- [Exercise]
From the line containing "Image of Boys'" down to the line containing "michael kors long navy", copy out the entries below exactly, both lines included, and nothing else; pictures do not belong in the copy.
*** Opening of Dataset content ***
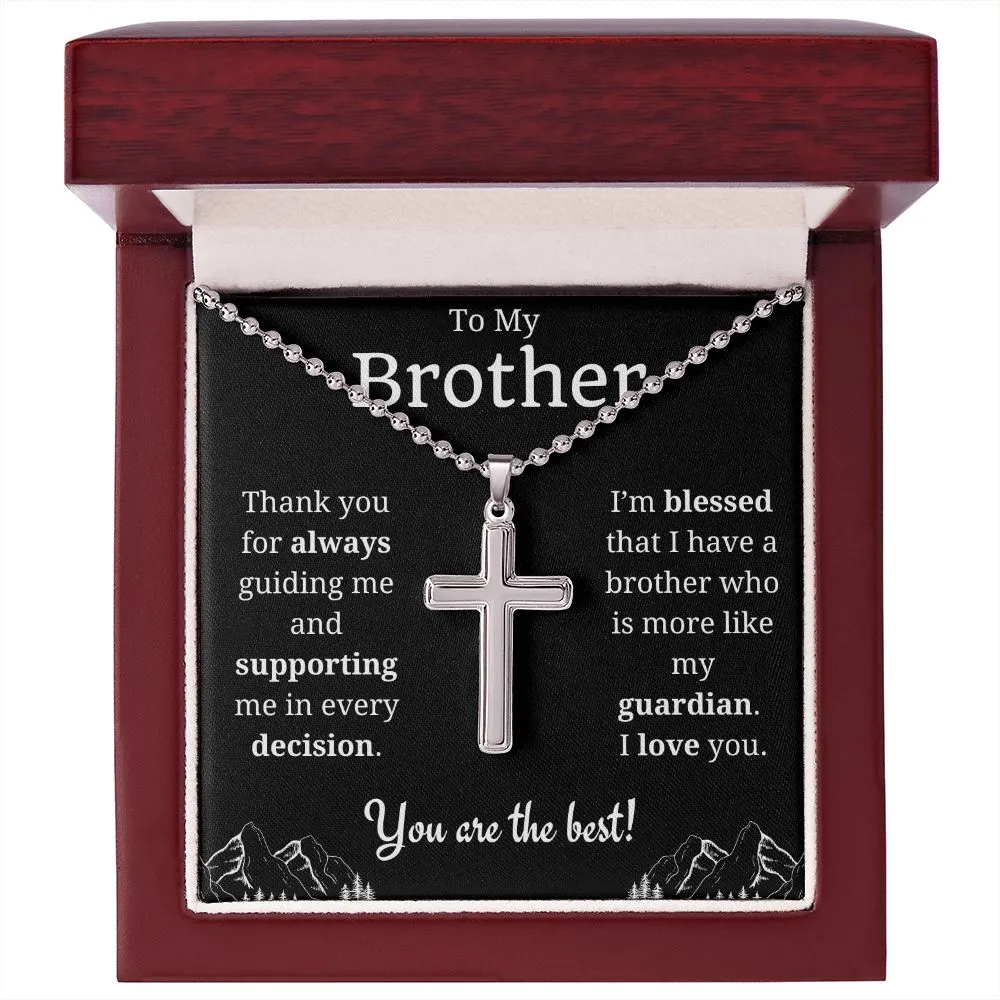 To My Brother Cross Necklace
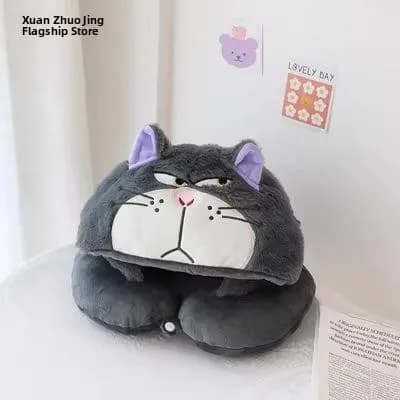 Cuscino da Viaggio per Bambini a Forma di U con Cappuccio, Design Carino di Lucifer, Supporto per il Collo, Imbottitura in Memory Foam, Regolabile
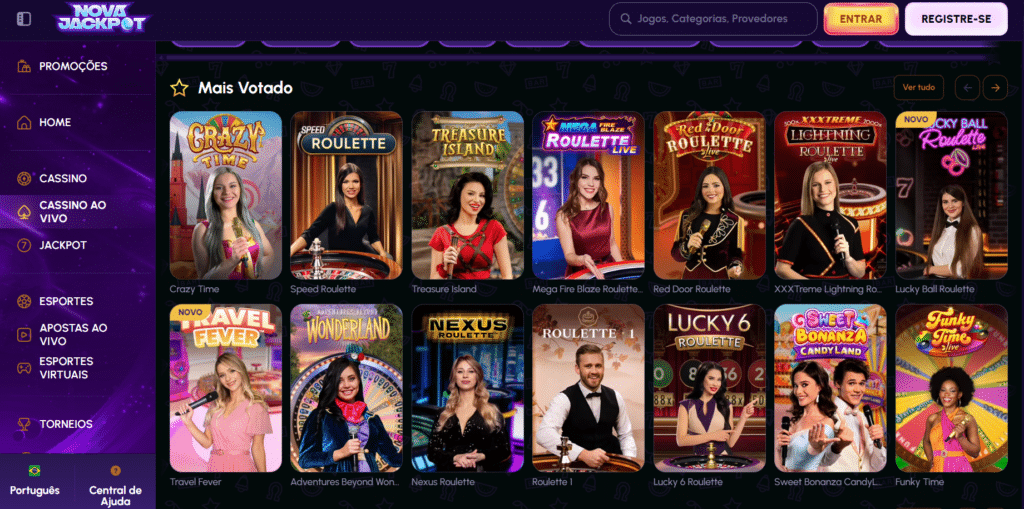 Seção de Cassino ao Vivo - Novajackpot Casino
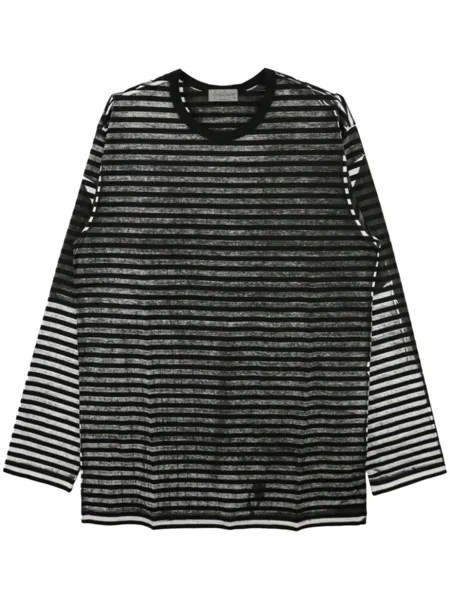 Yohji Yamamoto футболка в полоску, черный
*** Close of Dataset content ***
*** Opening of Dataset content ***
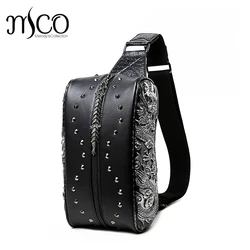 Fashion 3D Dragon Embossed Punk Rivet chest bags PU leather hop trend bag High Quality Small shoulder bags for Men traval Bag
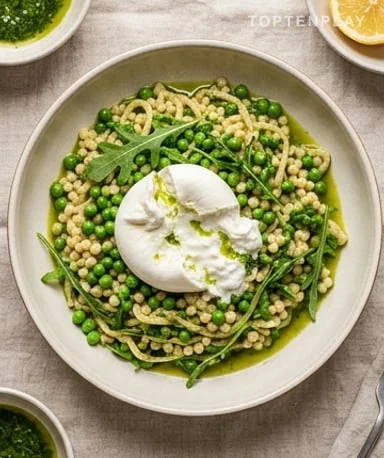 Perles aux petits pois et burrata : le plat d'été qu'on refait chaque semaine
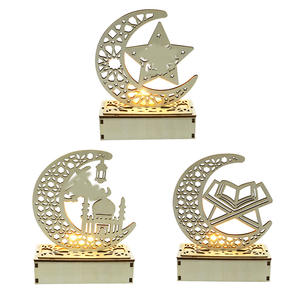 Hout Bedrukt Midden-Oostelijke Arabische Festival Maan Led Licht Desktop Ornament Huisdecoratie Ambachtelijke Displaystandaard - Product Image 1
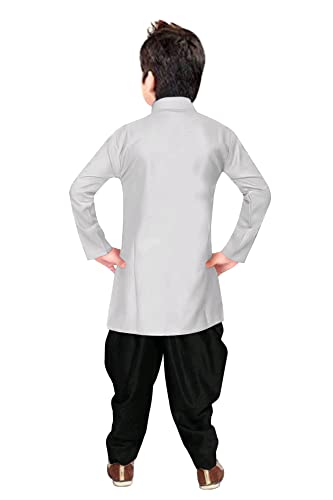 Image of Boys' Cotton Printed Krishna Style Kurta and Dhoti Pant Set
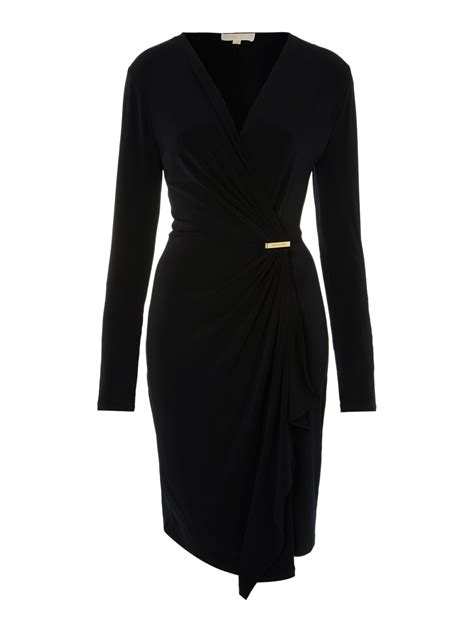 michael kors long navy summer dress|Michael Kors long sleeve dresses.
*** Close of Dataset content ***
- [Written response]
 Image of Boys' Cotton Printed Krishna Style Kurta and Dhoti Pant Set
 michael kors long navy summer dress|Michael Kors long sleeve dresses.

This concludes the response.